── STORED DATA ──

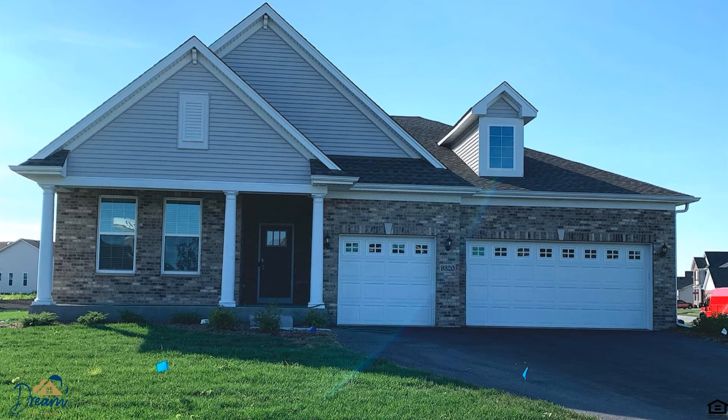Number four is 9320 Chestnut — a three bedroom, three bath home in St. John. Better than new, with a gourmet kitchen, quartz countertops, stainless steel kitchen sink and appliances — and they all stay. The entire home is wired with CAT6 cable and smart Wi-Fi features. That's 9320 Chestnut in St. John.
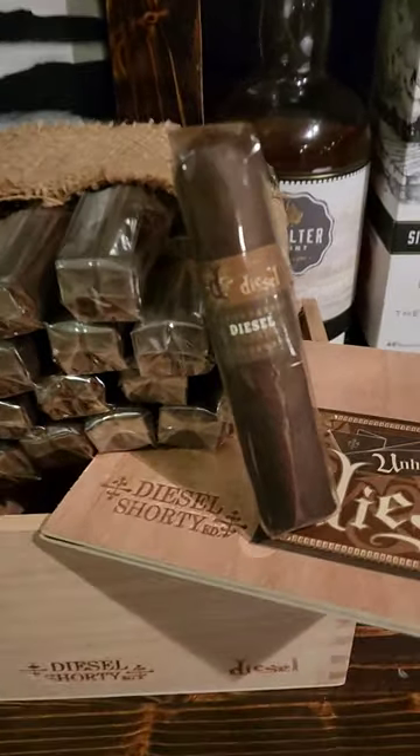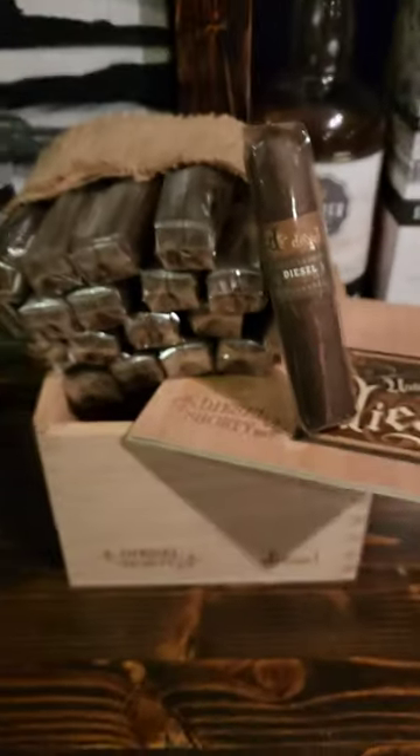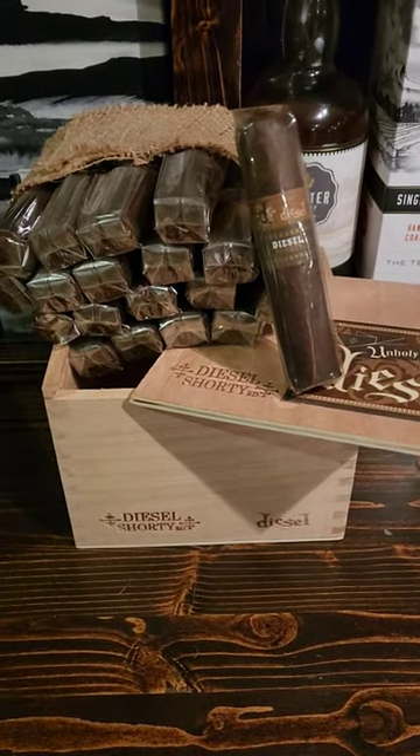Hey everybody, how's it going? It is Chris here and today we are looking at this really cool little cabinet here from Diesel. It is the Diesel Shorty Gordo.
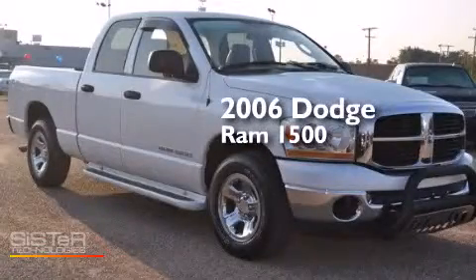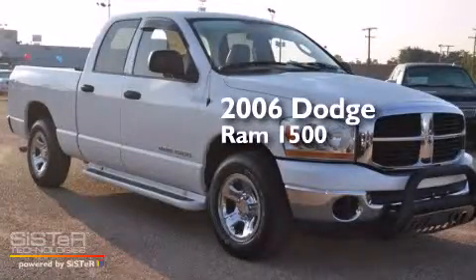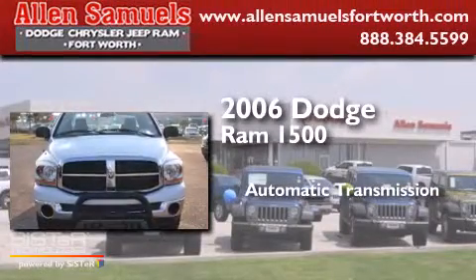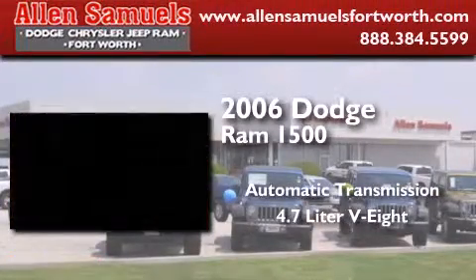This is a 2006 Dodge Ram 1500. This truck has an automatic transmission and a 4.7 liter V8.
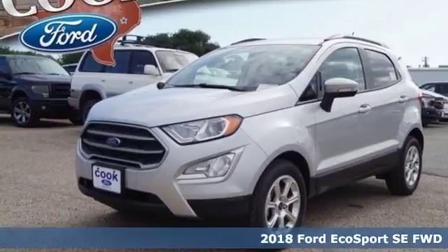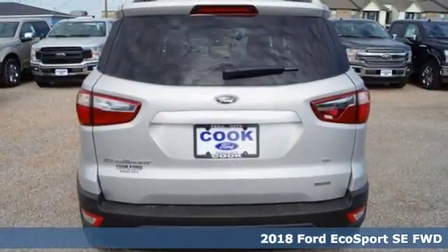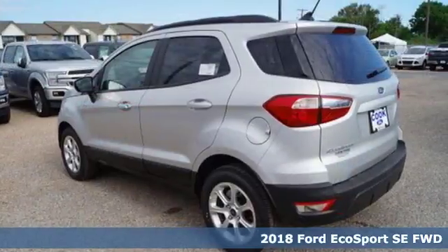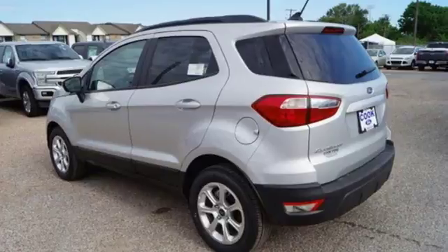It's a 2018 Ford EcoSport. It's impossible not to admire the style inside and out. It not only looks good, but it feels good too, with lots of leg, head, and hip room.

───

**TRY IT**
Pictures do not belong in the copy; repeat the rest of the listing exactly.

**WORKED SOLUTION**
Number four is 9320 Chestnut — a three bedroom, three bath home in St. John. Better than new, with a gourmet kitchen, quartz countertops, stainless steel kitchen sink and appliances — and they all stay. The entire home is wired with CAT6 cable and smart Wi-Fi features. That's 9320 Chestnut in St. John.
Hey everybody, how's it going? It is Chris here and today we are looking at this really cool little cabinet here from Diesel. It is the Diesel Shorty Gordo.
This is a 2006 Dodge Ram 1500. This truck has an automatic transmission and a 4.7 liter V8.
It's a 2018 Ford EcoSport. It's impossible not to admire the style inside and out. It not only looks good, but it feels good too, with lots of leg, head, and hip room.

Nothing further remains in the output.